# DSLR X-Ray Fog ????????



## Cruzingoose (Jul 26, 2014)

A couple of shots with more pronounced fog. Images made with *istD. Flew Delta from West to East coast. 
Several other images have gray fog but not as bad as this. My Android Tab was left in a non functional state and had to have master reset/erase/restore before it was operational.


----------



## Light Guru (Jul 26, 2014)

X-rays will not cause that to digital equipment. Those images look like there is something on ether the front or rear element of the lens.

X-rays would also not corrupt the software on a tablet.


----------



## petrochemist (Jul 26, 2014)

Light Guru said:


> X-rays will not cause that to digital equipment. Those images look like there is something on ether the front or rear element of the lens.
> 
> X-rays would also not corrupt the software on a tablet.
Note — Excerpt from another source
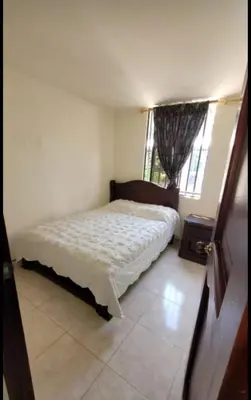 a bedroom with a bed and a window at Apartamento Vacacional in San Carlos Antioquia in San Carlos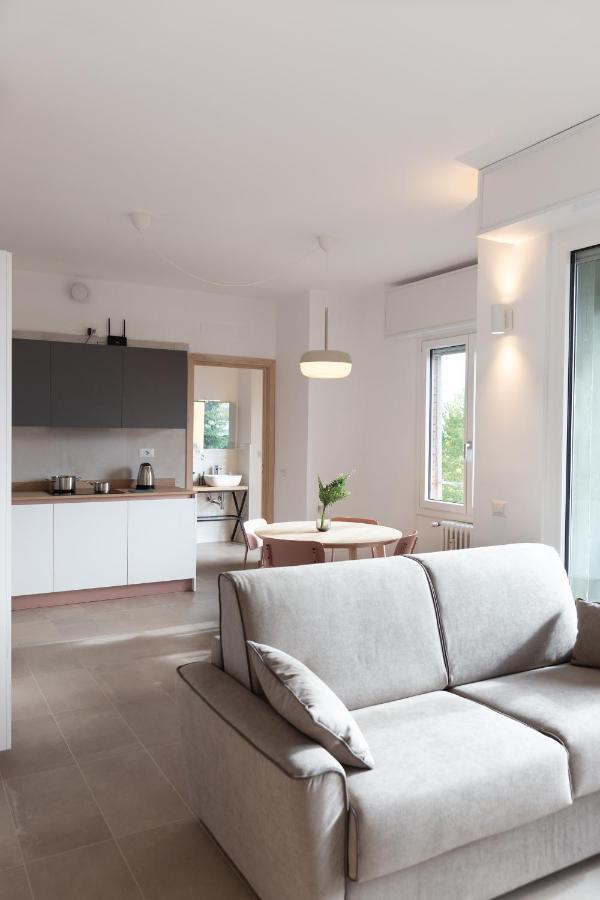 New Exclusive Melegnano Apartments- Near Train Station المظهر الخارجي الصورة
That far to clear for the front element.
I'd guess it's down to a greasy fingerprint on the rear of the lens, Try cleaning it with iso-propanol.


----------



## Cruzingoose (Jul 27, 2014)

The lens is a Pentax SMC 50mm F2, A series purchased with the camera from KEH, and has never been off the camera since purchase last year. The only images with the fog are most of the ones taken after the flight. All images taken before and since after return have no defects. If it were a smudge on the rear element, it would manifest itself on all images in the same place and same size and shape. But just to humour myself, I removed the lens and found the rear element to be faultlessly clean, the front of the lens (Hoya HMC UV filter) also faultless. I do not use a camera strap on the camera, but on a semi-hard case. I've shot several hunderd more images on the same CF card since the trip and not a single defective image was recorded. 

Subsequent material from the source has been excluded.